■ **Exercise details**: Restate word for word the lines below that run from the one holding "23 Dagmont Avenue" through the one holding "Embossed Pattern Gold", inclusive. Pictures don't belong in the copy.

■ **Records to use**:
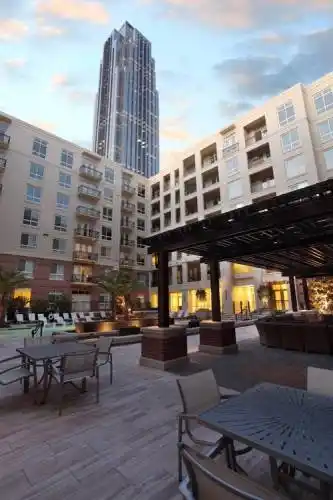 Rental by Apartment Wolf | WaterWall Place | 2801 WaterWall Dr, Houston, TX 77056 | apartmentwolf.com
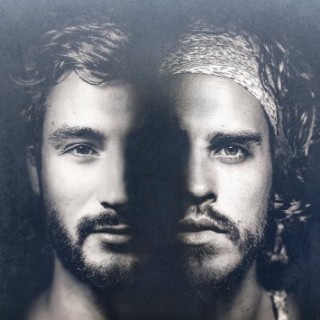 Fréro Delavega - Sous les étoiles - Tekst piosenki, lyrics - teksciki.pl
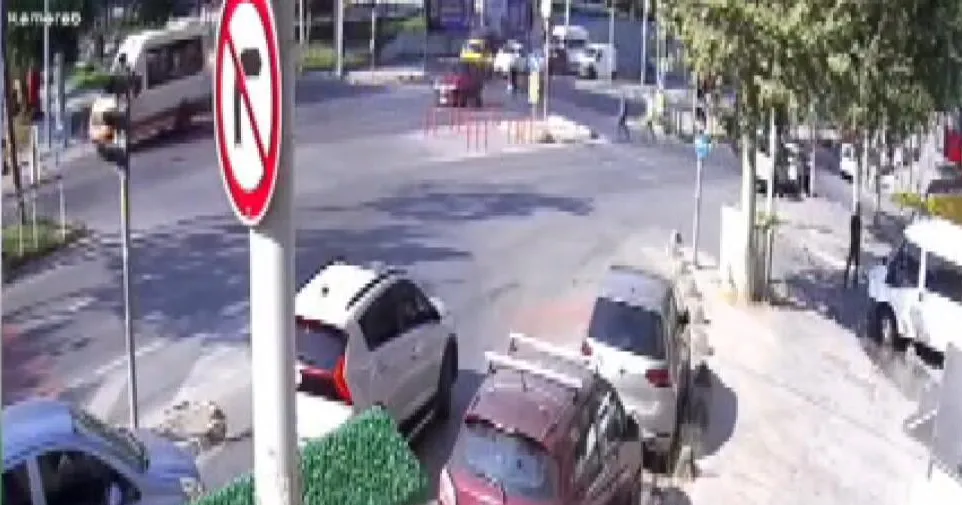 Sultangazi'de yaya yüzünden kaza yapan sürücü trafik ışığına çarptı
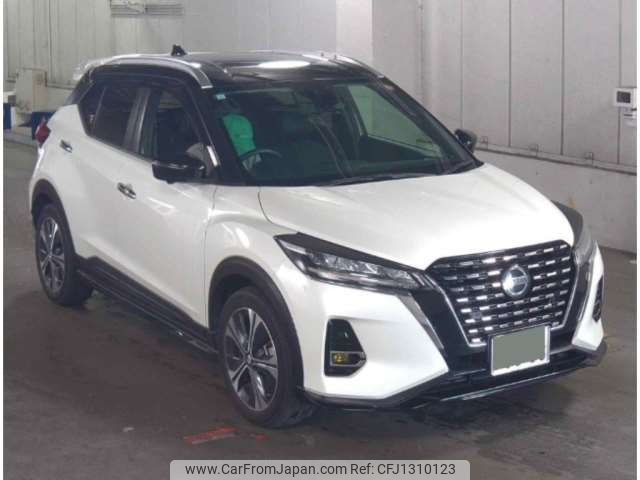 nissan kix 2021 -NISSAN--KIX 6AA-P15--P15-028296---NISSAN--KIX 6AA-P15--P15-028296- image 1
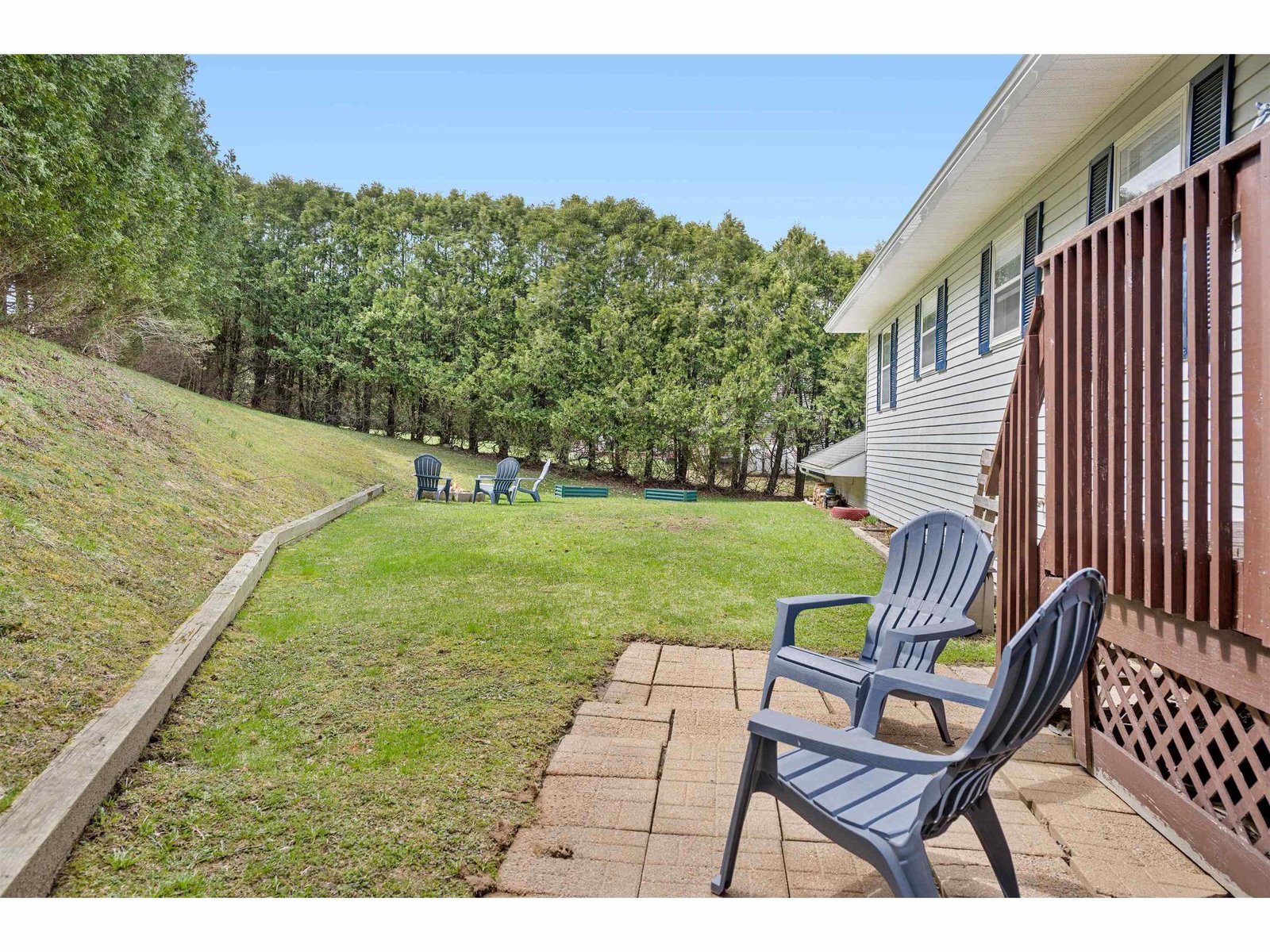 23 Dagmont Avenue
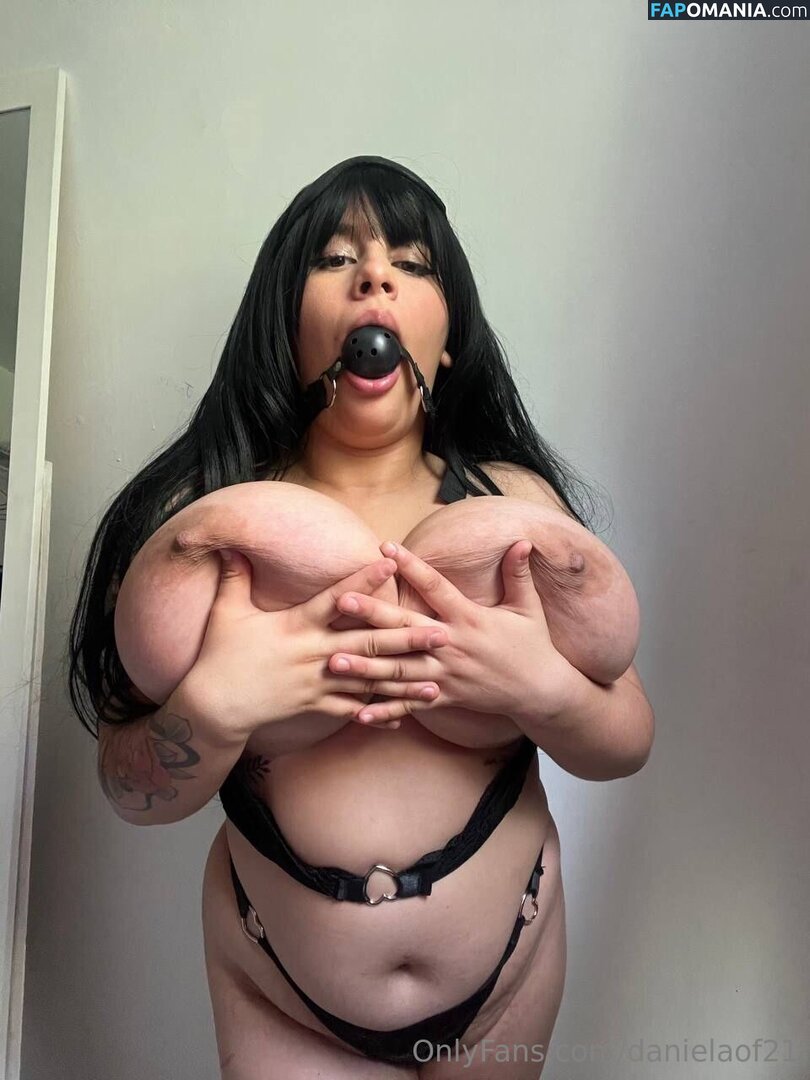 Daniela Pereira / unoresident1191k Nu OnlyFans  Photo fuitée #347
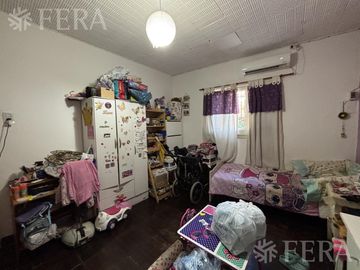 Venta de Casa para Dos Familias en Quilmes Oeste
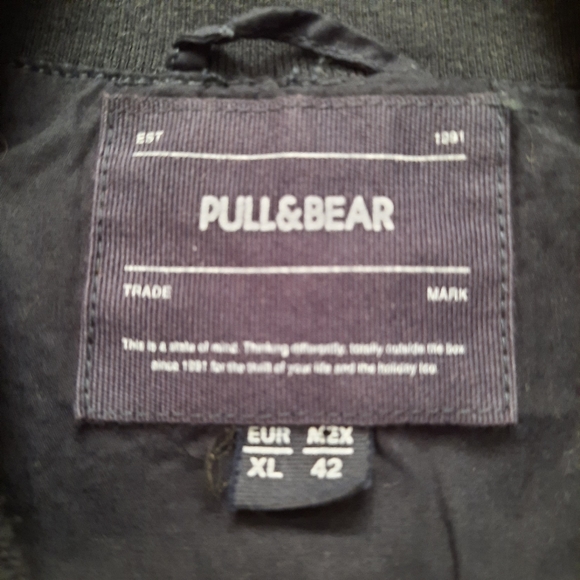 Pull&Bear Lightweight Jacket - Picture 4 of 12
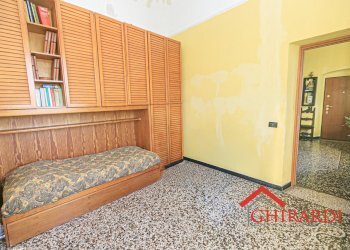 5.4 camera 2.jpg - Appartamento VIA CHIARAVAGNA  7, Genova - foto 20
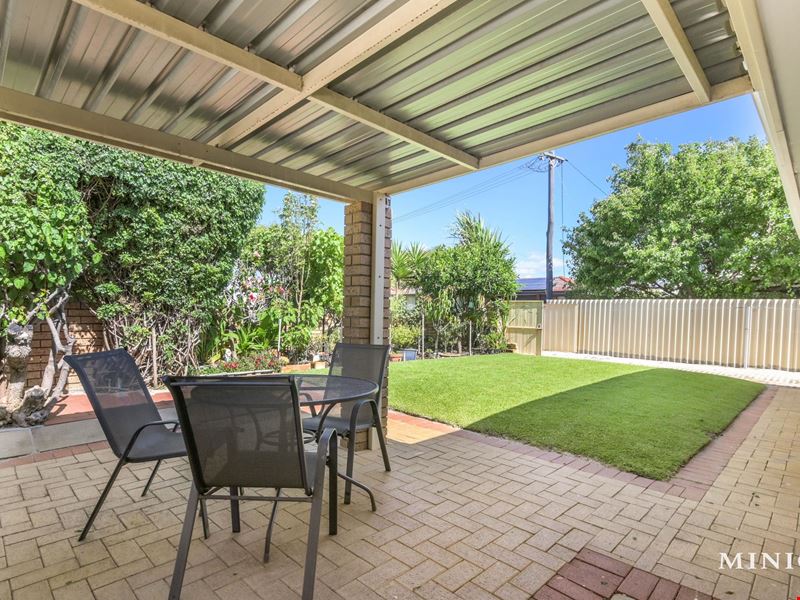 5/8 Falcon Court, Willetton WA 6155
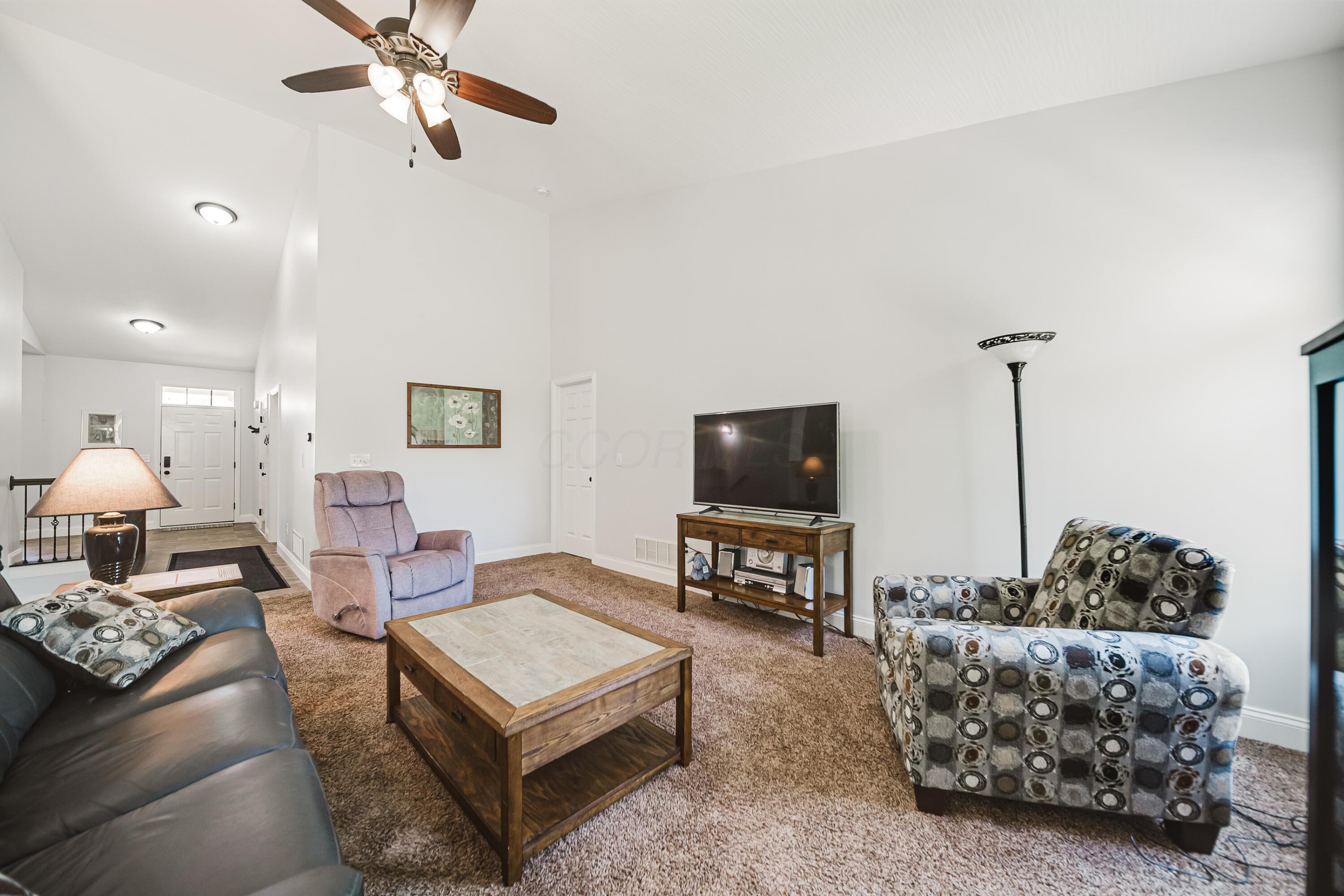 424 Rolling Acre Drive Property Photo 19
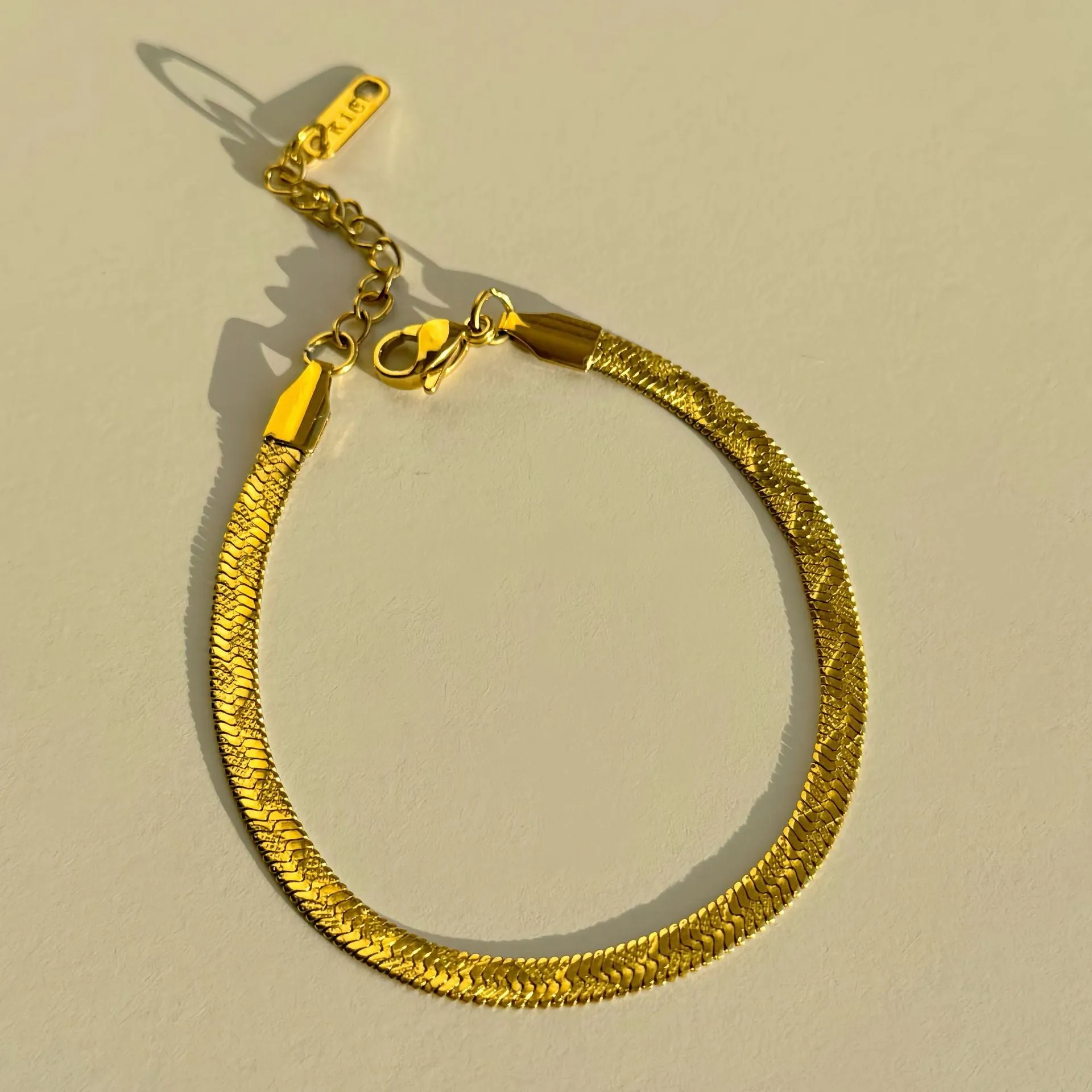 Embossed Pattern Gold And Silver Bracelet Suit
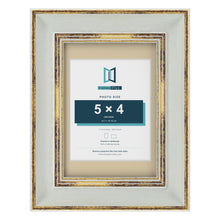 Cassis Light Grey 7 x 5 inch picture frame with an ivory mount for a 5 x 4 inch photo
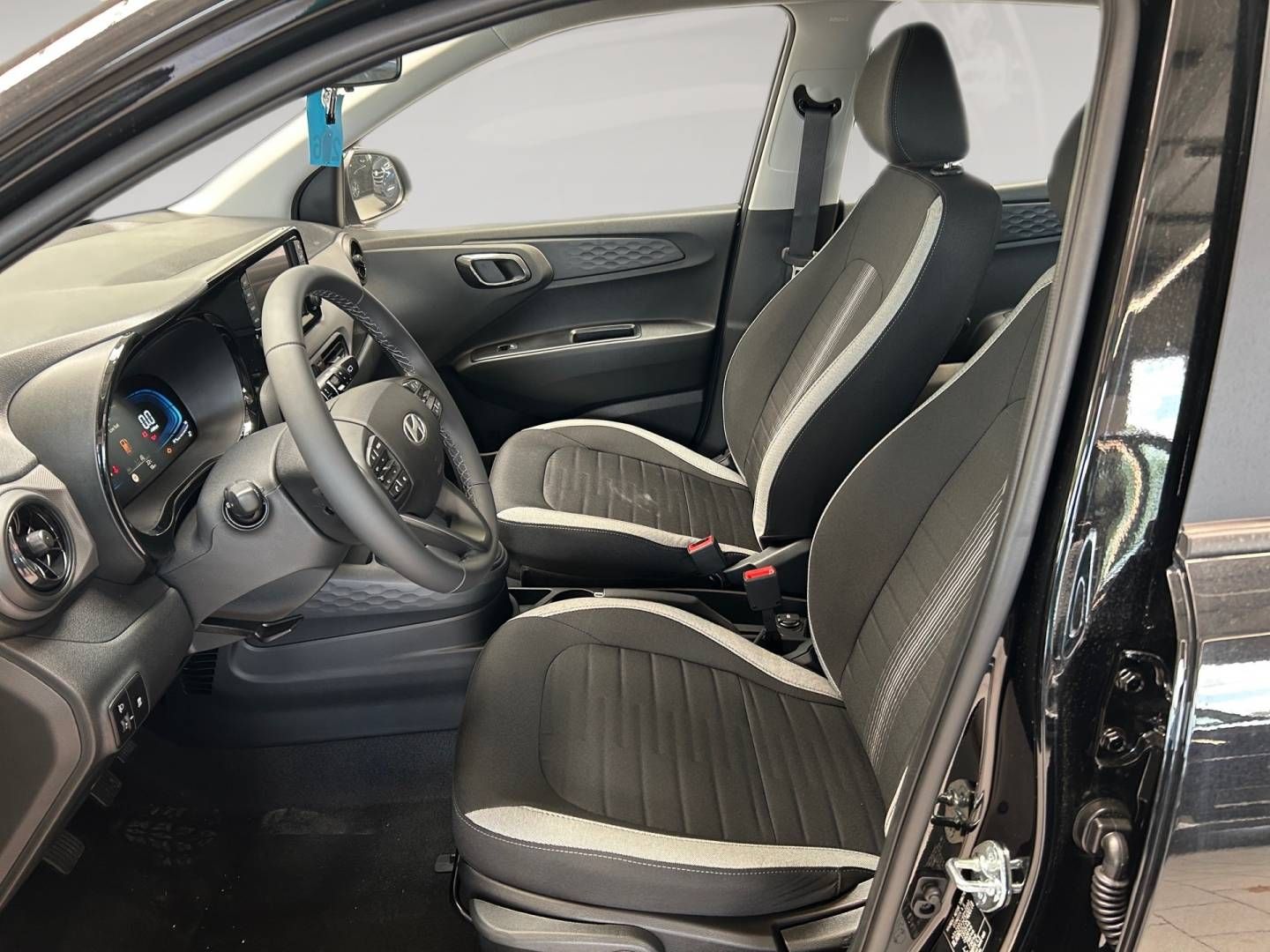 Fahrzeugabbildung Hyundai i10 Jubile FINAL Edition | NAVI | Rückfahrkamera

■ **Output for this task**:
 23 Dagmont Avenue
 Daniela Pereira / unoresident1191k Nu OnlyFans  Photo fuitée #347
 Venta de Casa para Dos Familias en Quilmes Oeste
 Pull&Bear Lightweight Jacket - Picture 4 of 12
 5.4 camera 2.jpg - Appartamento VIA CHIARAVAGNA  7, Genova - foto 20
 5/8 Falcon Court, Willetton WA 6155
 424 Rolling Acre Drive Property Photo 19
 Embossed Pattern Gold And Silver Bracelet Suit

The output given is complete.